*Your instructions*. In the records below, the line with "Boogzel Apparel Underwater" and every line after it must be written out exactly; no pictures belong in the result.

*Records for this task*.
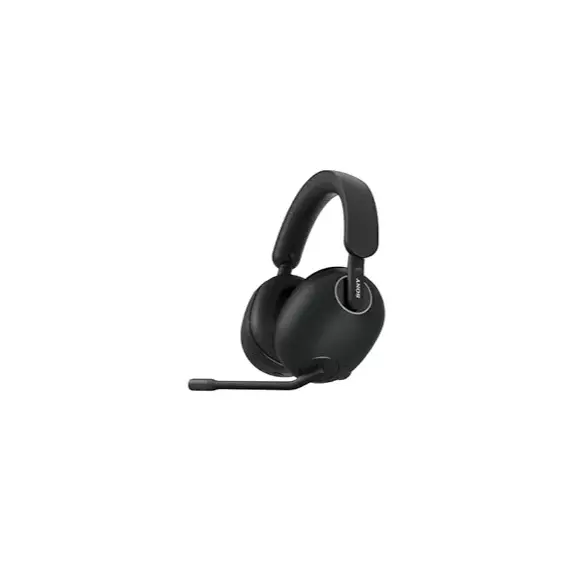 Sony INZONE H9 Wireless Noise Cancelling Gaming Headset WH-G900N/BZ - Black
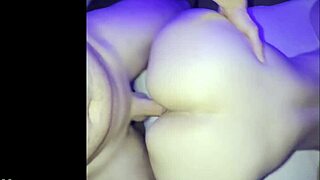 latina teen spreads cheeks for me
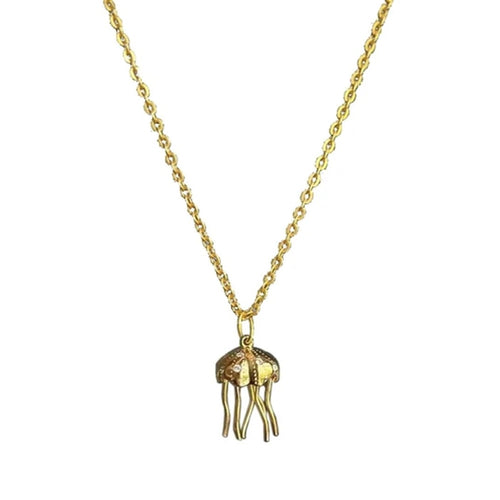 Boogzel Apparel Underwater Life Pendant Necklace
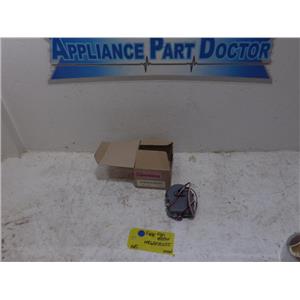 GE Refrigerator WR60X10255 Evap Fan Motor New OEM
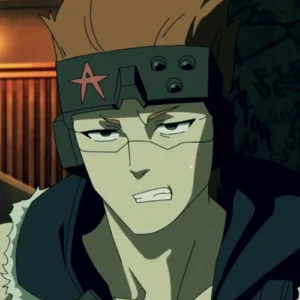 Cyberpunk: Edgerunners - Animation Voice Cast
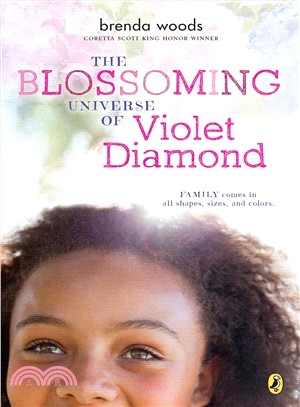 The blossoming universe of Violet Diamond /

*Response area*.
 Boogzel Apparel Underwater Life Pendant Necklace
 GE Refrigerator WR60X10255 Evap Fan Motor New OEM
 Cyberpunk: Edgerunners - Animation Voice Cast
 The blossoming universe of Violet Diamond /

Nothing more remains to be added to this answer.